Description of the task: Leave the pictures out and quote only the lines from the one with "Wismec R80 80W" down to the end of the listing below.

Supplied data:
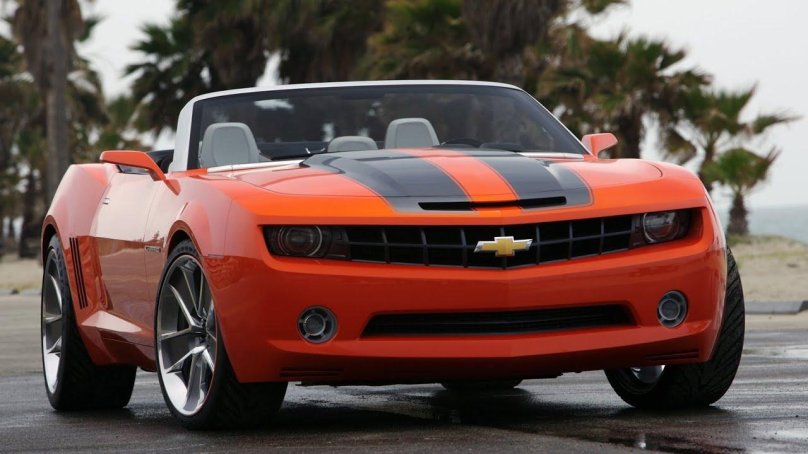 Шевроле Камаро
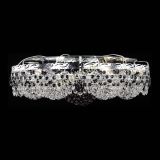 Люстра Вьюга №3 черная в Новокузнецке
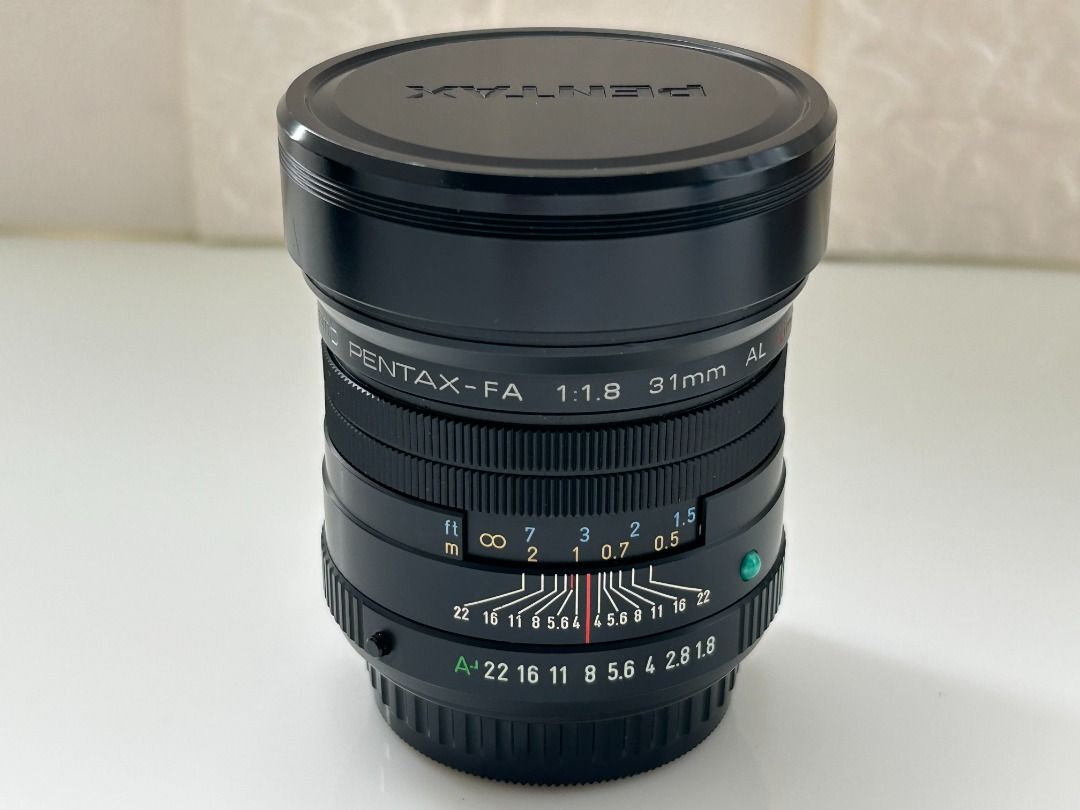 smc PENTAX FA31mm F1.8 AL Limited 日本製-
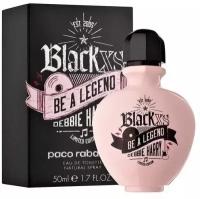 Paco Rabanne Black XS Be a Legend Debbie Harry туалетная вода 50 мл для женщин
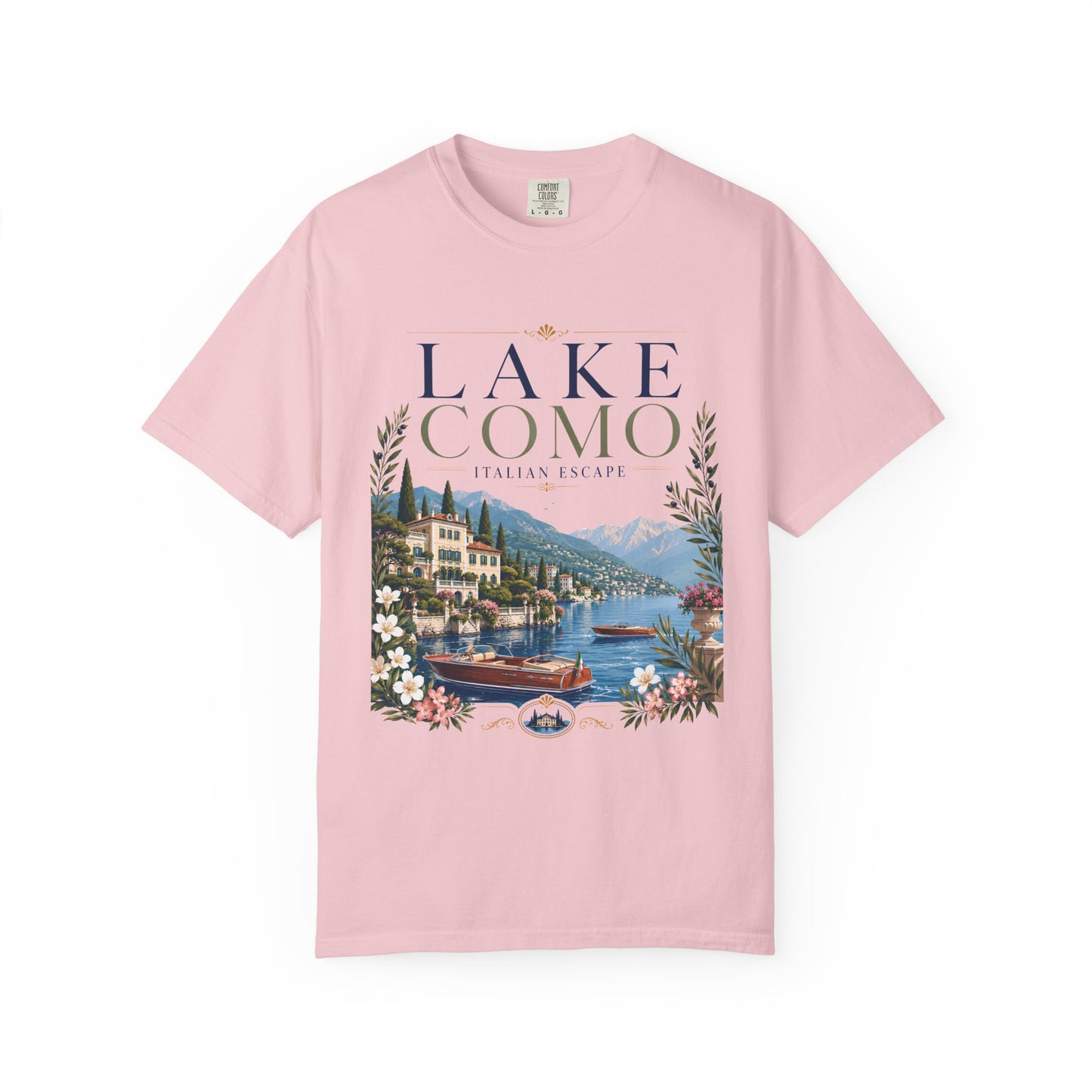 Lake Como – Italian Escape | Premium Summer Tee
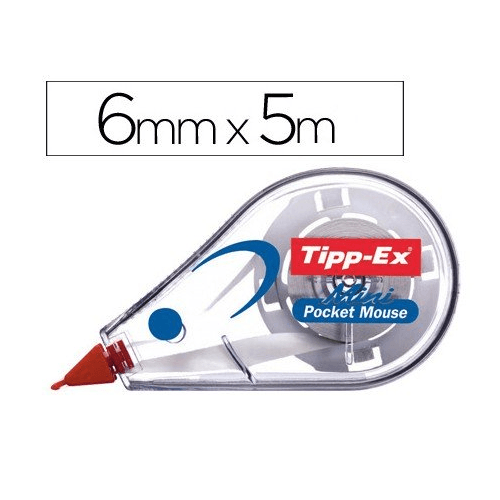 Mini cinta correctora Tipp-ex 6 M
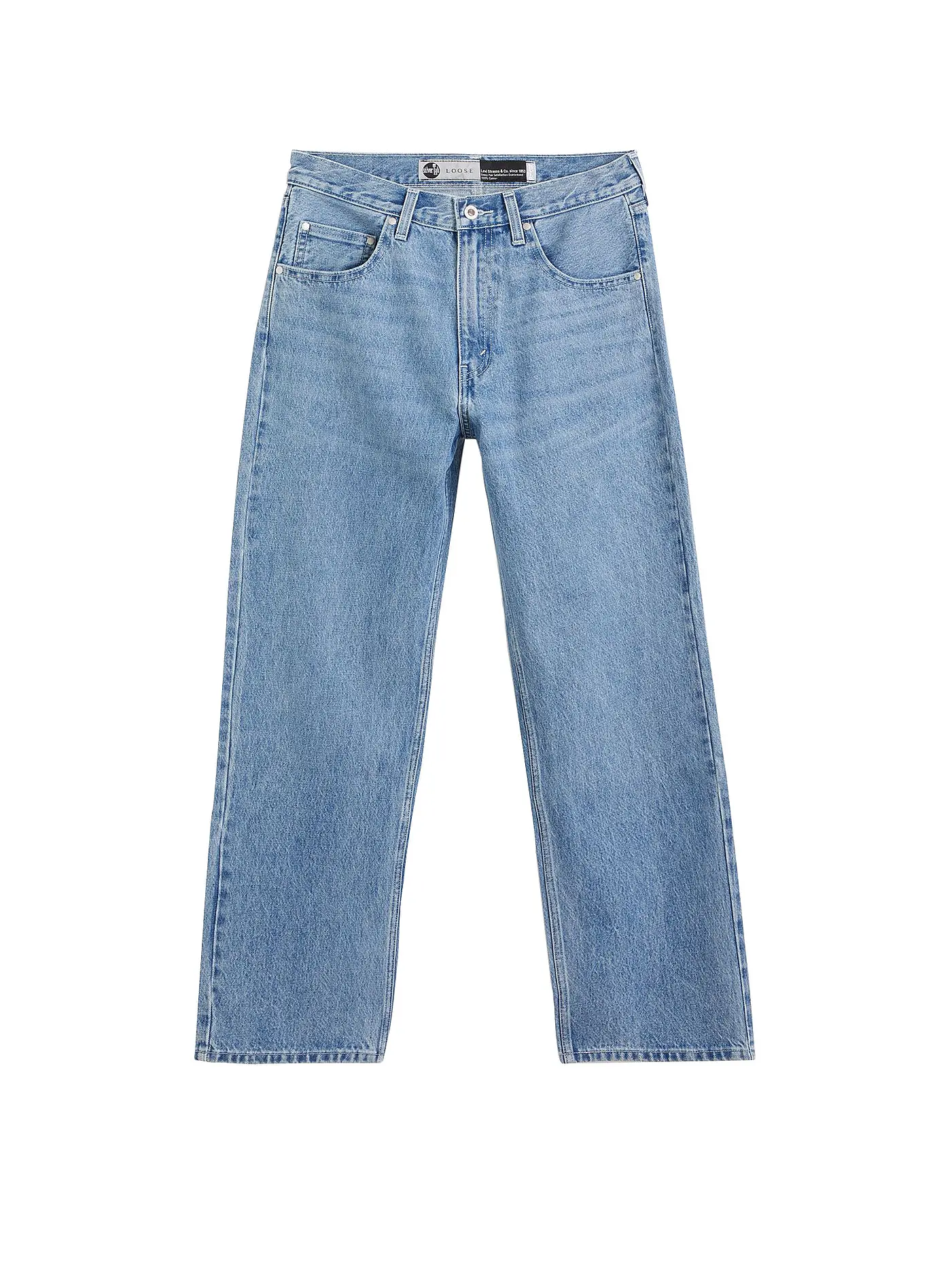 LEVI'S® | Jeans Relaxed Fit SILVERTAB Z3679 | blau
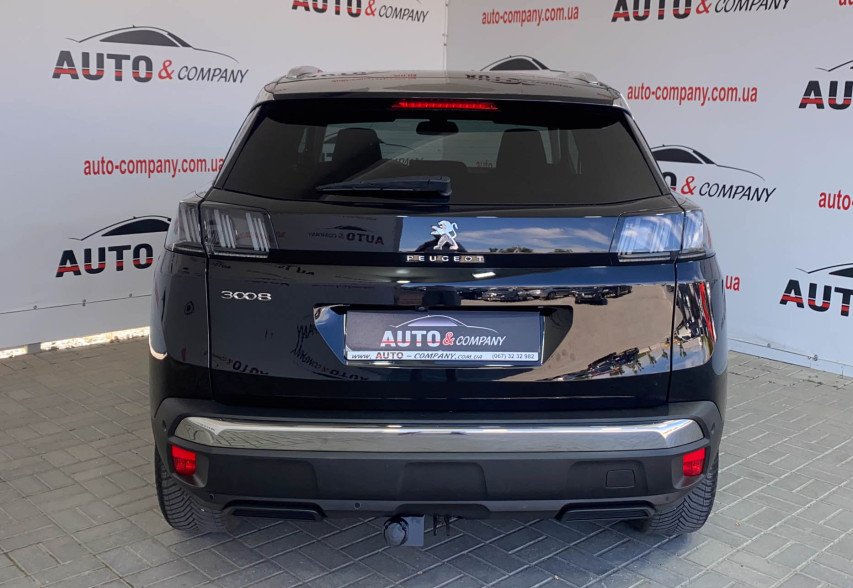Peugeot 3008 2020 Чорний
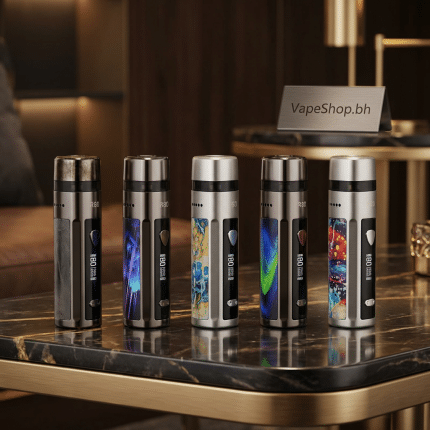 Wismec R80 80W pod mod with 0.96 inch TFT color display and 18650 battery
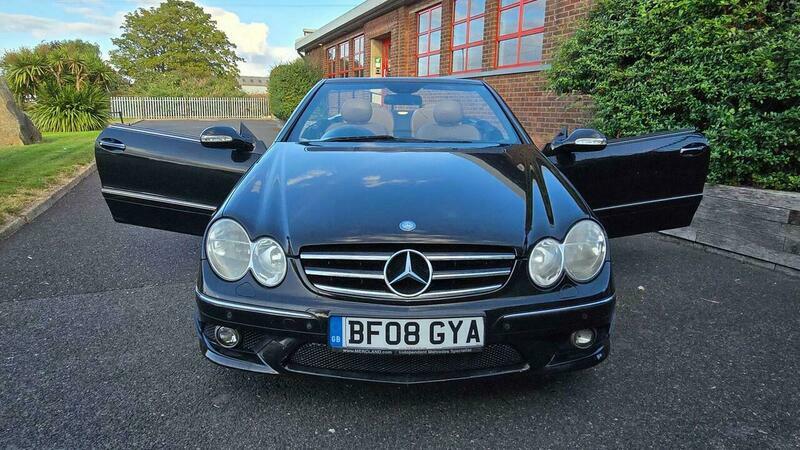 Mercedes-Benz CLK Red #36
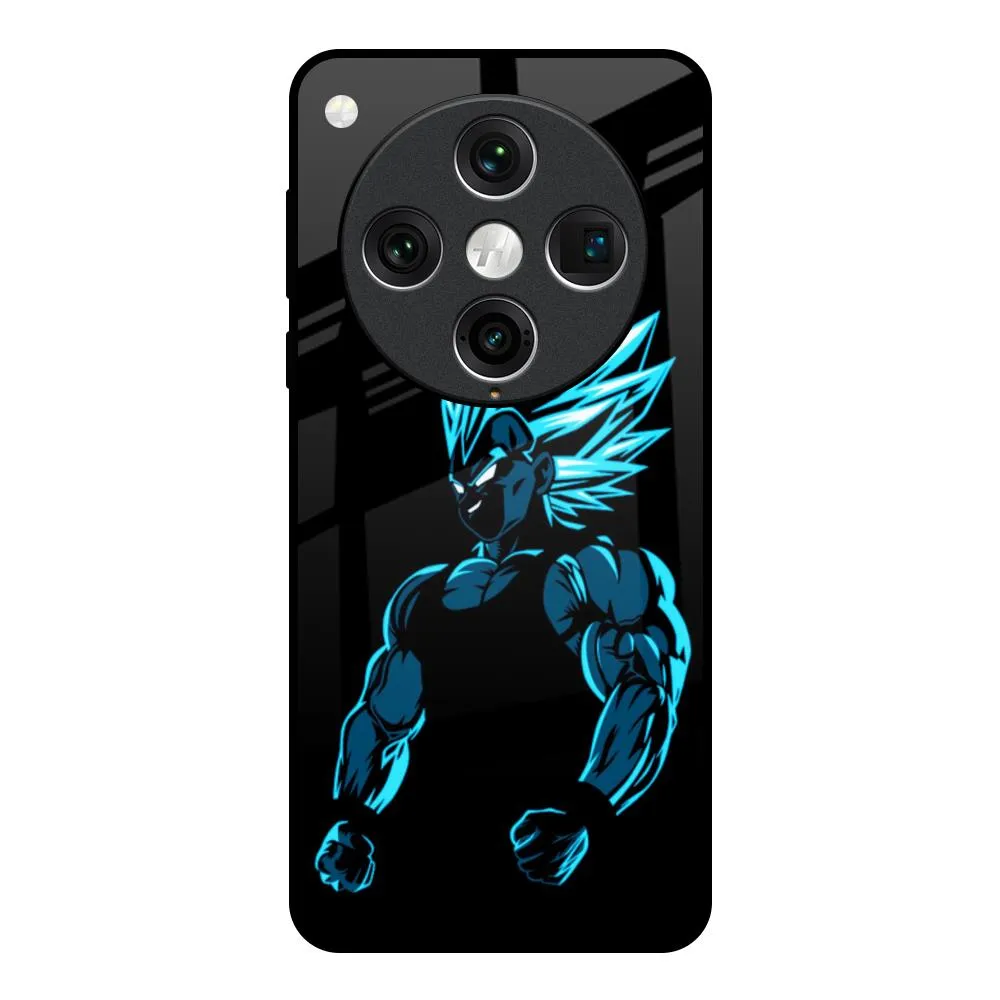 Pumped Up Anime Glass Case for Oppo Find x8 Pro Modern Grip Texture Smooth Feel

Answer to this problem:
 Wismec R80 80W pod mod with 0.96 inch TFT color display and 18650 battery
 Mercedes-Benz CLK Red #36
 Pumped Up Anime Glass Case for Oppo Find x8 Pro Modern Grip Texture Smooth Feel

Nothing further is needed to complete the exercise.